Table 1 Energy-use datasets published in the residential sector.

From: High resolution synthetic residential energy use profiles for the United States

Authors/Dataset

Description

Klemanjak et al.26,75

A synthetic energy demand dataset was released for 21 appliances in Austria in 2020. Data collected from two households was used to train models and then appropriate noise was added for appliance start times and durations to mimic variations in actual consumption patterns.

Kolter et al.76,77

The Reference Energy Disaggregation Data Set (REDD) is published by MIT. The dataset contains high-frequency current/voltage waveform data of the power mains in households along with labeled circuits in the house.

Makonin et al.78

The Rainforest Automation Energy (RAE) dataset was published by Harvard in 2017. The dataset contains 1 Hz data (mains and sub-meters) from two residential houses.

Murray et al.79,80

Load measurements from 20 households of UK from a two year longitudinal study.

Pecan Street22,23

Labeled circuit data for households across major cities in the U.S. This is said to be the most comprehensive dis-aggregate energy data available for the U.S.

Rashid et al.81,82

The I-blend dataset has recorded minute-level consumption of all the buildings at an academic institute in India over a period of 52 months

Paige et al.83,84

The flEECe dataset provides energy data at a 1 Hz sampling rate for four circuits for six net-zero energy senior housing units in Virginia, USA for nine months

Shin et al.85,86

The first Korean dataset measuring appliance-level energy data was released in 2019 for 22 houses in Korea.

Kelly et al.20,87

Power demand is recorded from five houses UK houses at two levels – whole house and individual appliances.

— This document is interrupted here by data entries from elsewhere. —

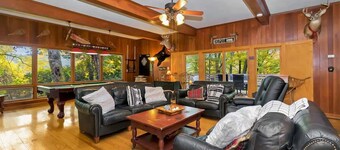 Colonel Webers Lodge, 5 Sleeping Areas, 3 baths, F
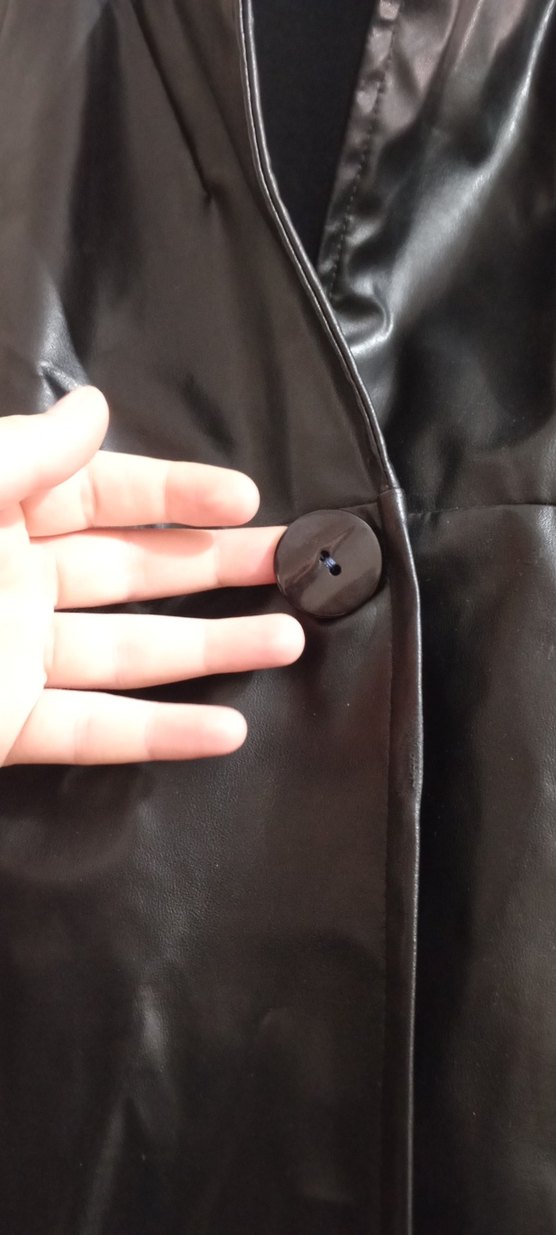 Düğmeli Siyah Uzun Deri Kadın Ceket - Görsel 3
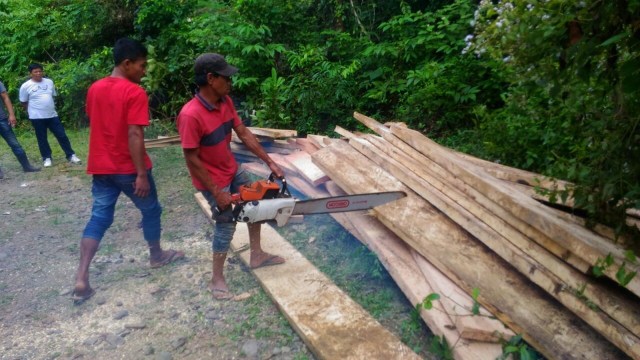 Penertiban pelaku illegal logging. (Foto: dok. Satreskrim Polres Aceh Besar)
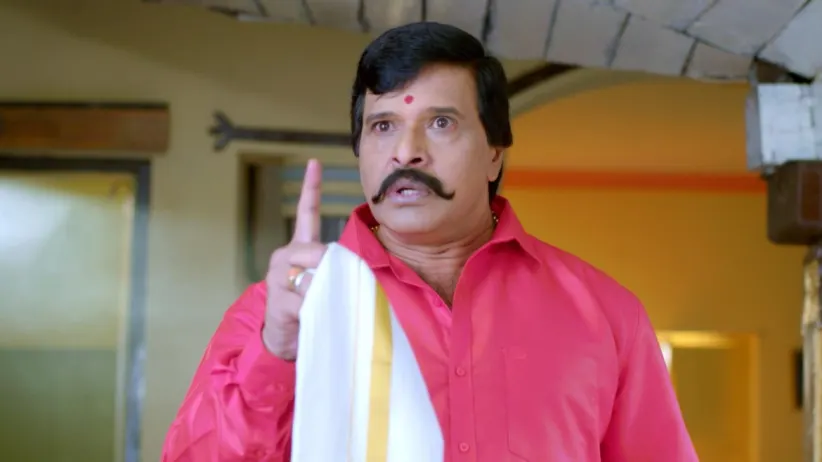 Damini's Arrival Shocks Aditya - Paaru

This dataset is referred to as the UK-Dale dataset. Two versions of this dataset have been released.

Anderson et al.88,89

Building-Level fUlly-labeled dataset for Electricity Disaggregation (BLUED) for one household in Pittsburg U.S. for one week. State transition of appliances are labeled and time-stamped, providing the necessary ground truth for the evaluation of NILM algorithms.

Barker et al.90,91

Electricity usage data is monitored every minute from nearly every plug load from 400 anonymous homes.

Beckel et al.92

Electricity consumption is monitored via smart plugs for six households in Switzerland over a period of 8 months.

Pereira et al.93,94,95

Power usage for 44 apartments and 6 homes in Portugal is collected for 264 days at 30 minute intervals. The advanced version of this dataset ‘SustDataED2’ dataset contains 96 days of aggregated and individual appliance consumption from one household in Portugal.

Monacchi et al.96,97

Common household devices are monitored for power consumption in Austria and Italy (GREEND dataset).

Pullinger et al.98,99

1-second electricity data is gathered over a period of 23 months from 255 UK homes (IDEAL household energy dataset).

Ruhnau et al.100,101

Synthetic national time series of heat demand that covers over 16 countries in the EU from 2008 to 2018.